Copy every record word for word. Pictures are not part of the copy.

[Saved data entries]

* * * * * * *

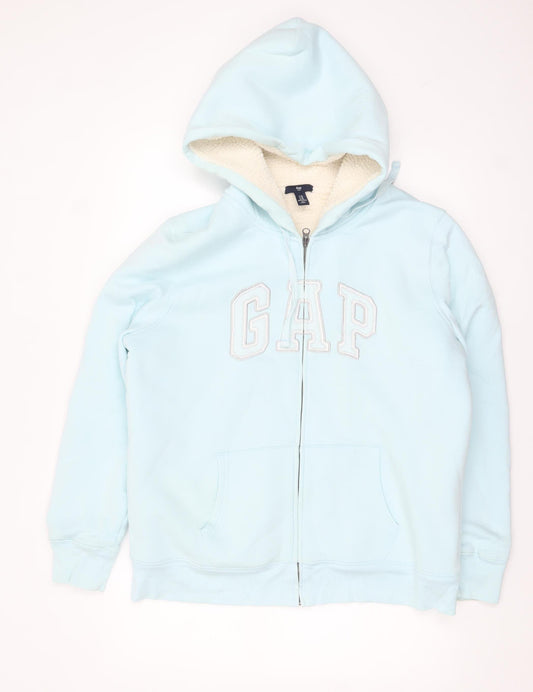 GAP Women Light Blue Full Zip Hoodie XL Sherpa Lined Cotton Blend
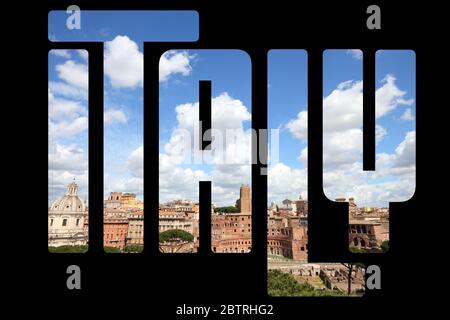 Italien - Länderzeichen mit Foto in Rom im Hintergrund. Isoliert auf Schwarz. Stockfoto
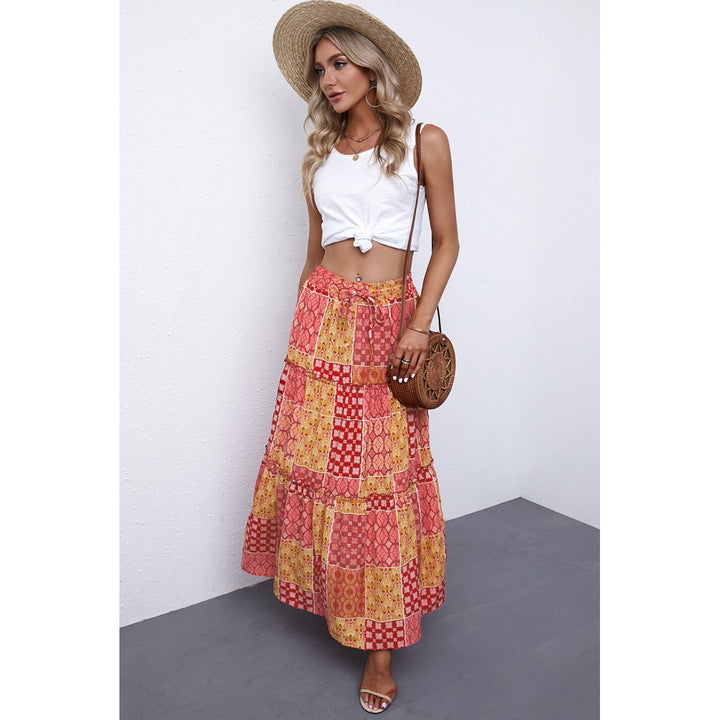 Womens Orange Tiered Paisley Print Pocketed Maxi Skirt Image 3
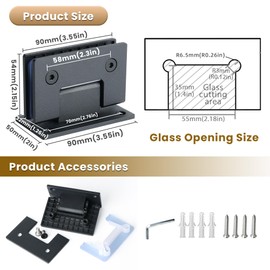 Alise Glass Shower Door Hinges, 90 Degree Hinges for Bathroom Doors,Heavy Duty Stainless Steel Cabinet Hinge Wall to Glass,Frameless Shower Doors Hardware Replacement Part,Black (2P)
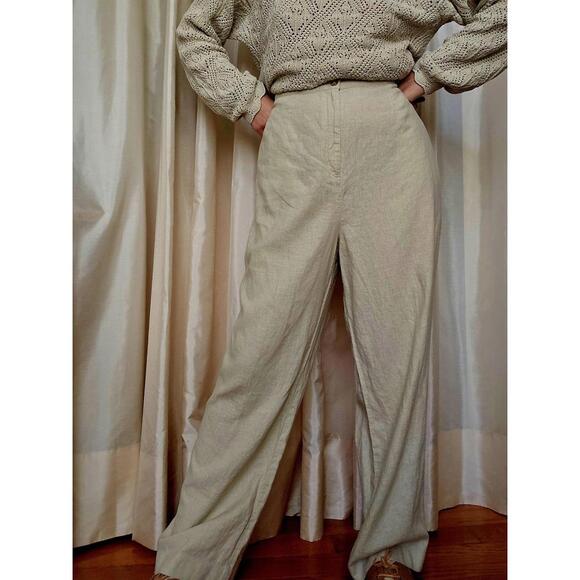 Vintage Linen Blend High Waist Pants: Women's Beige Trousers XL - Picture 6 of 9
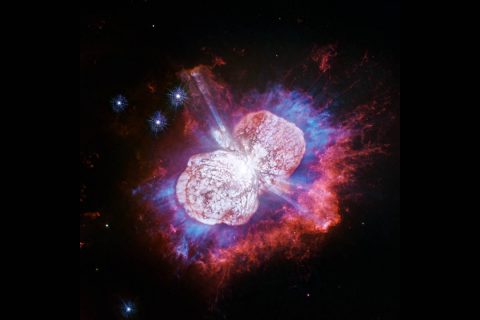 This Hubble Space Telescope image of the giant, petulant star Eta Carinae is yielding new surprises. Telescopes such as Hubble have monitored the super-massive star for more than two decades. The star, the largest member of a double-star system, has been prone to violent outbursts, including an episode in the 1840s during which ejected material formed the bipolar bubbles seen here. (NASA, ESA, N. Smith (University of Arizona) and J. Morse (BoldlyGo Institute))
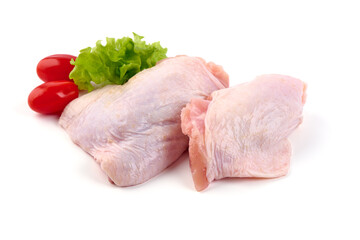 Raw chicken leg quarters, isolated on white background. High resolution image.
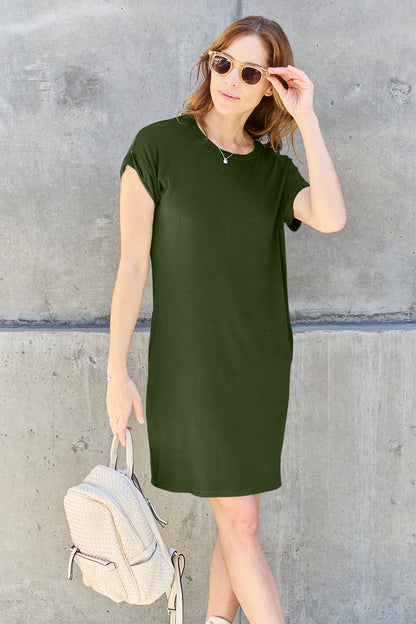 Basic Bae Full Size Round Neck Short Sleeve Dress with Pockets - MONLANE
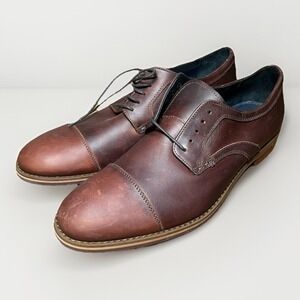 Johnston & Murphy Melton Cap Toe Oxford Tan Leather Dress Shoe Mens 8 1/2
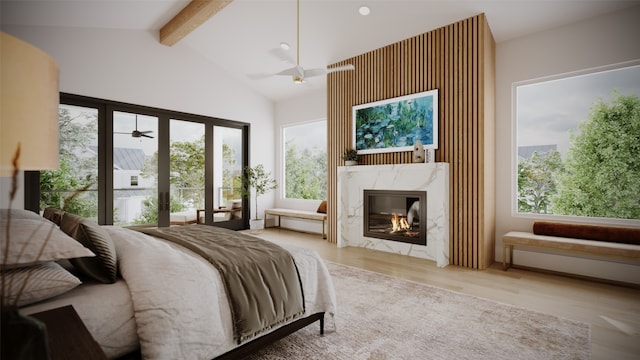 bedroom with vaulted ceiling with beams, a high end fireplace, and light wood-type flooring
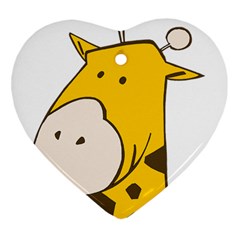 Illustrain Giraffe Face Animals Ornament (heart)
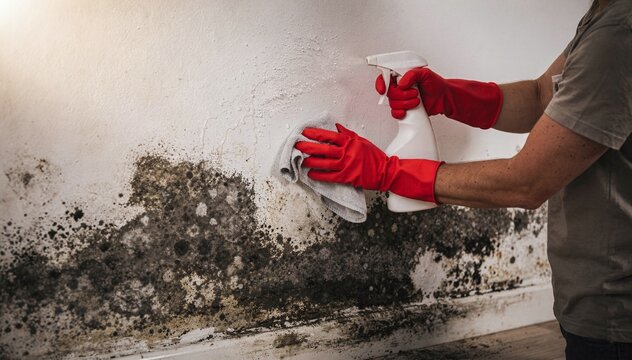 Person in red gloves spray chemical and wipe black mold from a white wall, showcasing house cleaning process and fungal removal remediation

* * * * * * *

EXPECTED OUTPUT:
 GAP Women Light Blue Full Zip Hoodie XL Sherpa Lined Cotton Blend
 Italien - Länderzeichen mit Foto in Rom im Hintergrund. Isoliert auf Schwarz. Stockfoto
 Womens Orange Tiered Paisley Print Pocketed Maxi Skirt Image 3
 Alise Glass Shower Door Hinges, 90 Degree Hinges for Bathroom Doors,Heavy Duty Stainless Steel Cabinet Hinge Wall to Glass,Frameless Shower Doors Hardware Replacement Part,Black (2P)
 Vintage Linen Blend High Waist Pants: Women's Beige Trousers XL - Picture 6 of 9
 This Hubble Space Telescope image of the giant, petulant star Eta Carinae is yielding new surprises. Telescopes such as Hubble have monitored the super-massive star for more than two decades. The star, the largest member of a double-star system, has been prone to violent outbursts, including an episode in the 1840s during which ejected material formed the bipolar bubbles seen here. (NASA, ESA, N. Smith (University of Arizona) and J. Morse (BoldlyGo Institute))
 Raw chicken leg quarters, isolated on white background. High resolution image.
 Basic Bae Full Size Round Neck Short Sleeve Dress with Pockets - MONLANE
 Johnston & Murphy Melton Cap Toe Oxford Tan Leather Dress Shoe Mens 8 1/2
 bedroom with vaulted ceiling with beams, a high end fireplace, and light wood-type flooring
 Illustrain Giraffe Face Animals Ornament (heart)
 Person in red gloves spray chemical and wipe black mold from a white wall, showcasing house cleaning process and fungal removal remediation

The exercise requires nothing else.